[증명] X is Hausdorff if only if the diagonal ∆ = { x × x | x ∈ X } is closed in X × X.

명제.

X is Hausdorff if only if the diagonal ∆ = { x × x | x ∈ X } is closed in X × X.

 

 

증명.

 

X is hausdorff 

⇒ ∀x ≠ y ∈ X, ∃Nx, Ny s.t. Nx ∩ Ny = ∅

⇒ Nx × Ny is open in X × X, Nx × Ny ∩ ∆ = ∅

 

why?

if not, ∃ w × z ∈ X × X s.t.  w ∈ Nx, z ∈ Ny, w × z ∈ ∆.

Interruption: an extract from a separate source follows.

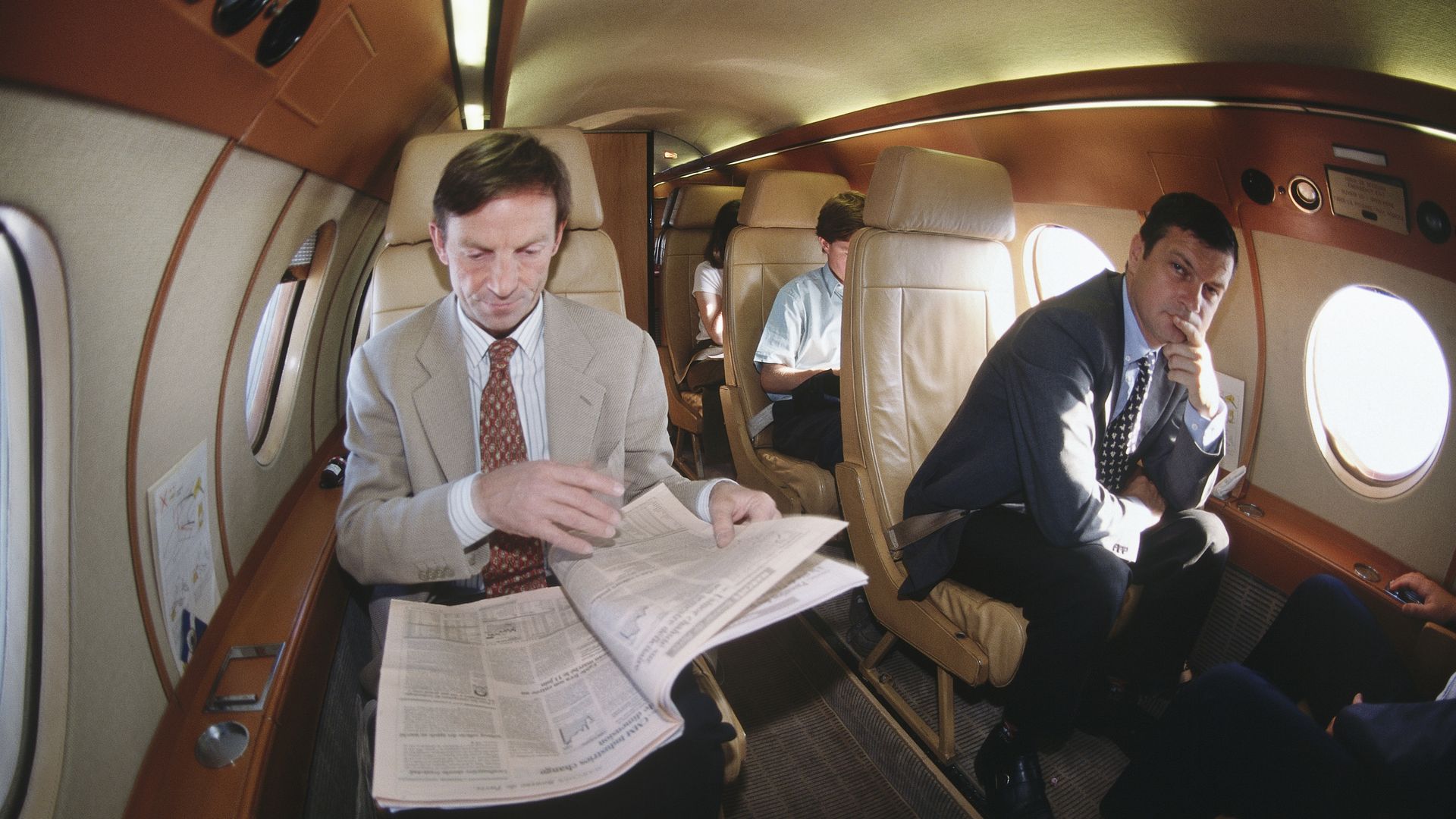 Man reading newspaper on private jet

from w ∈ Nx, z ∈ Ny, we know w ≠ z because Nx ∩ Ny = ∅

from w × z ∈ ∆, we know w = z

contradiction exists.

 

Now, consider D = X × X - ∆, then D = { x × y | x ≠ y ∈ X }

 

⇒ ∀ x × y ∈ D, ∃ open set Nx × Ny  s.t. x × y ⊂ Nx × Ny ⊂ D

⇒ D is open

⇒ ∆ is closed

 

Now, start with that ∆ is closed

⇒ D is open

⇒ ∀ x × y ∈ D, ∃ open set C  s.t. x × y ⊂ C ⊂ D

⇒ ∃ open set Nx, Ny ⊂ X s.t. x ∈ Nx and y ∈ Ny and  x × y ⊂ Nx × Ny ⊂ C ⊂ D

⇒ Nx × Ny ⊂ D

⇒ ∀ w ∈ Nx and z ∈ Ny, w ≠ z

⇒ Nx ∩ Ny = ∅

⇒ X is hausdorff 

 

결론

X is Hausdorff ⇔ the diagonal ∆ = { x × x | x ∈ X } is closed in X × X.

 

COROLLARY

 

In the purple-colored part in the beginning of the proof,

 ∀x ≠ y ∈ X, 

substitute ≠ with <

then we can also get the conclusion that

 W = { x × y | x ≥ y ∈ X } is closed in X × X.

and with >, vice versa. (IF given it is ordered)